Outro ponto sensível do projeto trata dos crimes praticados em contexto de multidão. No caso específico dos delitos de tentativa de golpe de Estado e de abolição do Estado Democrático de Direito cometidos em ambientes coletivos, como as invasões às sedes dos Três Poderes em 8 de janeiro, a pena poderá ser diminuída se o participante não tiver chefiado, financiado ou organizado as ações. Nessa hipótese, depois de fixada a pena-base, o juiz poderá reduzi-la entre um terço e dois terços, levando em conta o grau de envolvimento individual.
A aprovação do PL da Dosimetria é encarada pela oposição como um avanço, mas está longe do objetivo inicial do bloco ligado a Bolsonaro, que defendia uma anistia ampla, geral e irrestrita aos envolvidos. Desde o início dos julgamentos no STF, parlamentares bolsonaristas têm pressionado pela extinção completa da punibilidade dos condenados pelos atos de 8 de janeiro. A anistia, prevista no Código Penal como forma de apagar o crime, foi alvo de um projeto específico, que pretendia perdoar manifestantes, caminhoneiros, empresários e demais participantes de atos realizados entre 30 de outubro de 2022 e a data de entrada em vigor da lei, em rodovias, frentes de quartéis e outros locais.
Esse projeto, porém, não avançou. Segundo o líder do PL na Câmara, deputado Sóstenes Cavalcante (RJ), o próprio Bolsonaro deu aval para que a bancada priorizasse, neste momento, o texto que trata da redução das penas, considerado mais viável politicamente diante da resistência do governo e de parte do Congresso à anistia total.
Com a aprovação na Câmara, o PL da Dosimetria segue para o Senado. Se os senadores mantiverem o conteúdo, o texto será enviado à sanção do presidente Luiz Inácio Lula da Silva (PT). No Planalto, auxiliares afirmam que Lula avalia vetar o projeto, total ou parcialmente. Em caso de veto, porém, o Congresso tem poder para derrubar a decisão presidencial e promulgar a lei na forma originalmente aprovada.

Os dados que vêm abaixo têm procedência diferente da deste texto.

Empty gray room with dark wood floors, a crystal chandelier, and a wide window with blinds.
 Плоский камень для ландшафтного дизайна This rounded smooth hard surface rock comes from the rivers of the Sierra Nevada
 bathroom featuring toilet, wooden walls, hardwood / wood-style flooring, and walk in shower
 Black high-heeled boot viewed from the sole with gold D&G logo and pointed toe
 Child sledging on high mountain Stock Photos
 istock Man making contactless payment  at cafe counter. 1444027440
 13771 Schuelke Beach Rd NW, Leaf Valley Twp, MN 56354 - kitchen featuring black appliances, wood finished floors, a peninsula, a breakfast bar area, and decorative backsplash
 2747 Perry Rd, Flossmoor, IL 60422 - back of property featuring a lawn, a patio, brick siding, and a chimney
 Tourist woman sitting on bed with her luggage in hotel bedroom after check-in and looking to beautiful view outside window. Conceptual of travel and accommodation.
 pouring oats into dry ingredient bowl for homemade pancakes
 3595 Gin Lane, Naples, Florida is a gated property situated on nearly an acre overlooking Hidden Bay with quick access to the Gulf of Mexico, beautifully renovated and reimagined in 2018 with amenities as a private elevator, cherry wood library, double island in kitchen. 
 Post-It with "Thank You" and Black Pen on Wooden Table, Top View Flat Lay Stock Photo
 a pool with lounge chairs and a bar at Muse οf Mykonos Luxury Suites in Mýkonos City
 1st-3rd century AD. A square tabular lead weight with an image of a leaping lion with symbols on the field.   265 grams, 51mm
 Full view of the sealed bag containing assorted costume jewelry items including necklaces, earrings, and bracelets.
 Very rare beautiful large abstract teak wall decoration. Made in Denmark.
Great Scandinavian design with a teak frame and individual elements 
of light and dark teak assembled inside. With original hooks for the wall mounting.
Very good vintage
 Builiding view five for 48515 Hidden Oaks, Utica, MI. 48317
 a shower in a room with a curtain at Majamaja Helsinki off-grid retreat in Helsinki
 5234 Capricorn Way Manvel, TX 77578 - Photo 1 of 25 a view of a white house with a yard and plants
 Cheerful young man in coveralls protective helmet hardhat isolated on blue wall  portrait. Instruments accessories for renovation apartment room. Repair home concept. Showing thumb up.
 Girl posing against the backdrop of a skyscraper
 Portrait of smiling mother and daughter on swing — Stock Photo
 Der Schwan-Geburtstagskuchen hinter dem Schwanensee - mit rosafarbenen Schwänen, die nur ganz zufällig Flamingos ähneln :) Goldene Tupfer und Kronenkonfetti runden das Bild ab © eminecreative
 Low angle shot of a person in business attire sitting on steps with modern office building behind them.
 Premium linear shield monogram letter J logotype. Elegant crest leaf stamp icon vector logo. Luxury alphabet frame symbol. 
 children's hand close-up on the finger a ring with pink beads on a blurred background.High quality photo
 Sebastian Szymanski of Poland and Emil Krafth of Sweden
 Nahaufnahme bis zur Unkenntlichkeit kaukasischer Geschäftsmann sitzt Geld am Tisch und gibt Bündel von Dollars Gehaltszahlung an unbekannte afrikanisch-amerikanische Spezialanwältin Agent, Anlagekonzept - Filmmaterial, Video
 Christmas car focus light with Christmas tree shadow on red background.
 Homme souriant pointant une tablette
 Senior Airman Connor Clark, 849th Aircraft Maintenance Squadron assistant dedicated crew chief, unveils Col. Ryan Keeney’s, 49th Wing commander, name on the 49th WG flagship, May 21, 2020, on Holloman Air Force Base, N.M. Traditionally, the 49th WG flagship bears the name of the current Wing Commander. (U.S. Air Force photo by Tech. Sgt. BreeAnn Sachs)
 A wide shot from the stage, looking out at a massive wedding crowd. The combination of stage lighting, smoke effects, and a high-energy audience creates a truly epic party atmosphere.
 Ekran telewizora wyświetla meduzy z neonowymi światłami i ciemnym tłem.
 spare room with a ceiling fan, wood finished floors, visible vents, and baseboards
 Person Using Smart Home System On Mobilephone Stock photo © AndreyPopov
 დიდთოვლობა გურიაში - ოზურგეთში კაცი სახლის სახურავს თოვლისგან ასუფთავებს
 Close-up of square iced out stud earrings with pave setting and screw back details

Do ponto de vista prático, se o projeto virar lei, tanto os condenados pelos atos de 8 de janeiro quanto integrantes do chamado Núcleo 1, apontado como responsável pela articulação da tentativa de golpe, poderão pleitear revisão das penas com base nos novos parâmetros.
No caso específico de Bolsonaro, o relator Paulinho da Força declarou que, aplicando as regras do PL, a pena de 27 anos poderia cair para algo em torno de 2 anos e 4 meses. Ainda não há consenso, porém, sobre o procedimento: se a redução seria aplicada automaticamente pelos juízes ou se cada condenado precisaria ingressar com pedido próprio, por meio de revisão criminal ou outra via processual adequada.